ENTRIES SUPPLIED:
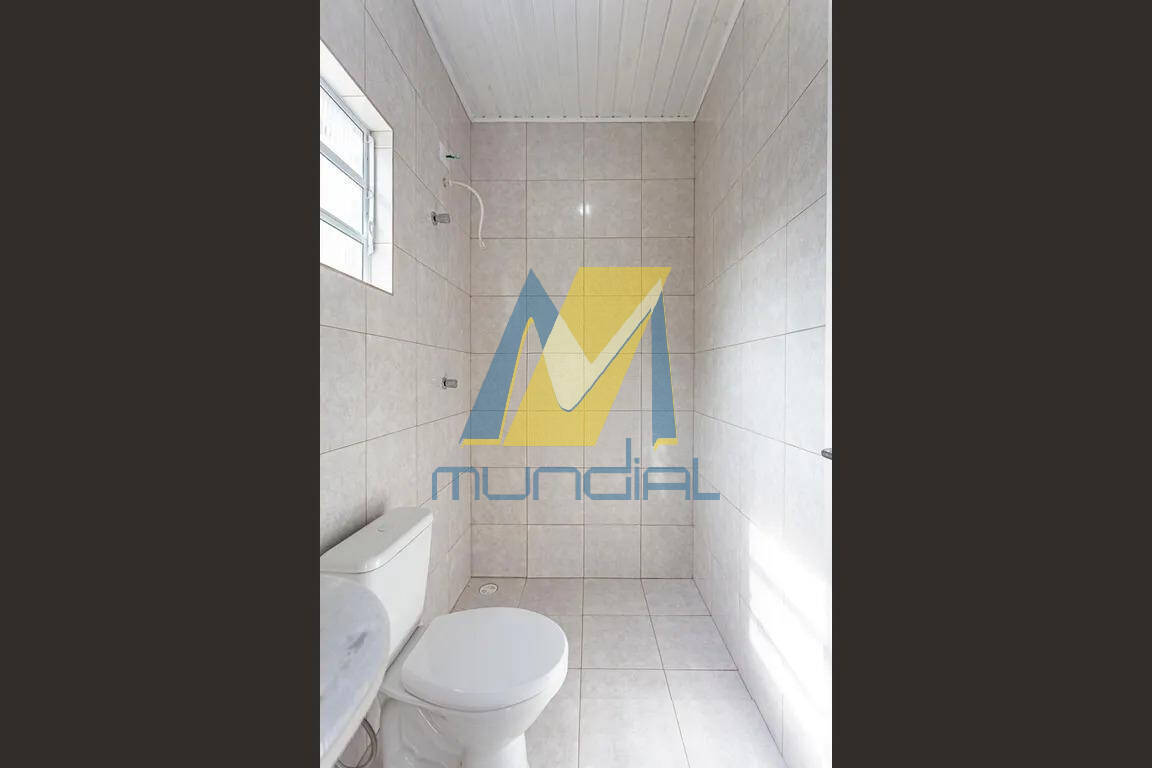 Casa, 2 quartos, 50 m² - Foto 10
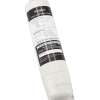 Filtru apa pentru aparate frigorifice Whirlpool, C00424824, 484000008726
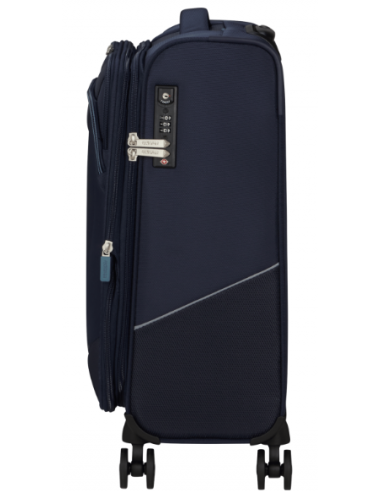 spinner 55 cm exp tsa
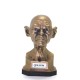 Gollum Büst Büyük Boy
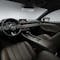 2018 Mazda Mazda6 1st interior image - activate to see more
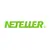 Mad Casino - Neteller Payment Method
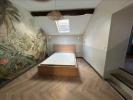Location Appartement Gouvieux 60270 3 pieces 58 m2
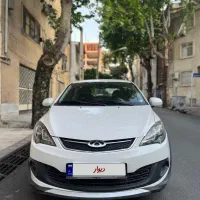 ام وی ام 315s بی رنگ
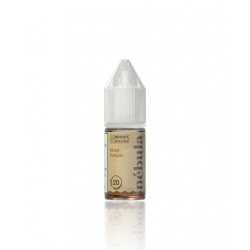 E-liquide Blond Français SN...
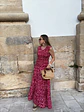 Vestido - Miniatura 2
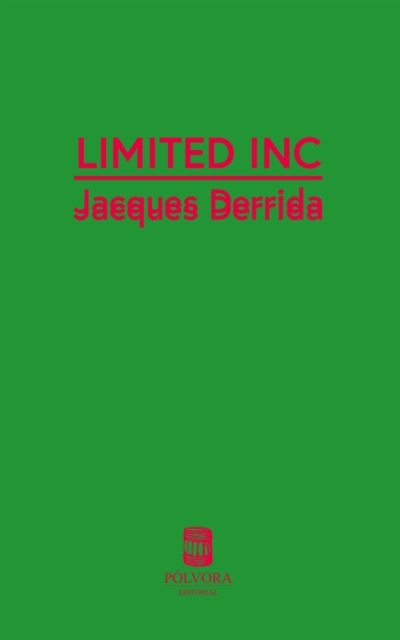 Limited Inc
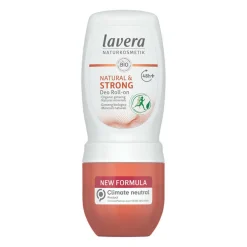 Deo Roll-On Strong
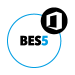 BES5 Office 365 icon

PROBLEM TO WORK ON:
With the pictures left out, output exactly the lines from the one with "E-liquide Blond Français SN..." through the end of the listing above, both ends included.

SOLUTION TO THIS TASK:
 E-liquide Blond Français SN...
 Vestido - Miniatura 2
 Limited Inc
 Deo Roll-On Strong
 BES5 Office 365 icon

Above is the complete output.